There’s a coffee shop three doors down from the office. Every morning, the same queue. Same ten-minute wait. Same five-quid flat white that’s cold by the time anyone gets back to their desk. It’s madness, really, but that’s what happens when workplace coffee is rubbish.
People Stop Disappearing
The “quick coffee run” that takes half an hour. Everyone knows it. Someone nips out at 10am, bumps into a mate, suddenly it’s 10:45 and they’re wandering back with a muffin too. Stick a decent machine in the kitchen and that nonsense stops. Not because of some draconian rule—people just can’t be bothered leaving when the coffee’s already good.
Clients Aren’t Idiots
Instant coffee in a chipped mug sends a message, and it’s not a good one. Doesn’t matter how slick the presentation is or how expensive the office furniture—serve someone Nescafé and they’ve made assumptions. A proper machine changes that. Suddenly the coffee’s better than what they’d get at most cafés, and they’ve noticed.
Do the Maths
Ten staff.
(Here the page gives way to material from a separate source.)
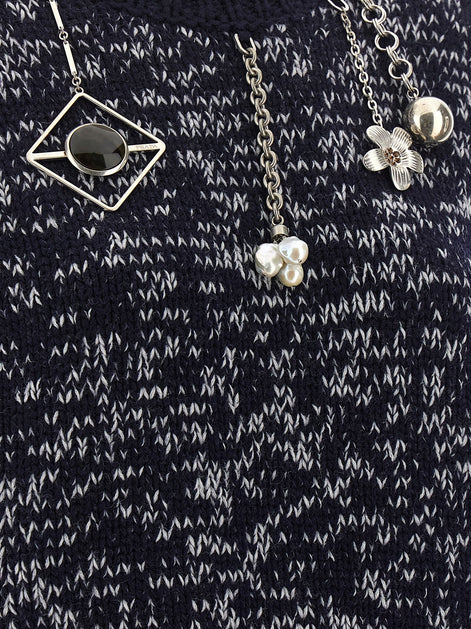 Pendant sweater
Two coffees each per day. Call it four quid a pop (probably more in London). That’s eighty quid daily. Four hundred weekly. Over twenty grand annually. A Necta coffee machine costs what, a couple of grand? Maybe three with installation? It pays for itself before summer’s over, then it’s just saving money while everyone drinks better coffee than they were buying anyway.
No More Arguments
There’s always someone who wants decaf. Someone else needs oat milk. Another person only drinks Americanos. Trying to keep everyone happy with a kettle and instant? Forget it. Proper machines just handle it. Press a button, get what you want, move on with life.
The Kitchen Becomes Useful
Ever notice how the best conversations happen near the coffee machine? Not in meeting rooms or scheduled catch-ups—just random chats while waiting for an espresso. That’s where actual problems get solved, where new ideas pop up, where the work culture actually lives. Can’t put a price on that, but it’s worth more than the machine costs.
Things That Don’t Break
Bought a cheap coffee maker once. Lasted four months. Necta’s been making these things since before most staff were born. They’re built for hotels, restaurants, places hammering them all day every day. Office use? Barely breaks a sweat. Five years later it’s still going, which is more than can be said for the photocopier.
Less Bin Guilt
Takeaway cups everywhere. Mountains of them. Even the “recyclable” ones that aren’t really. Get a machine, people use actual mugs, problem mostly solved. Not saving the planet single-handedly, but at least not actively making it worse.
Installing Necta saeco coffee machines isn’t some luxury expense. It’s just common sense dressed up as an equipment purchase. Better coffee, less wasted time, happier humans. Hardly revolutionary, but it works.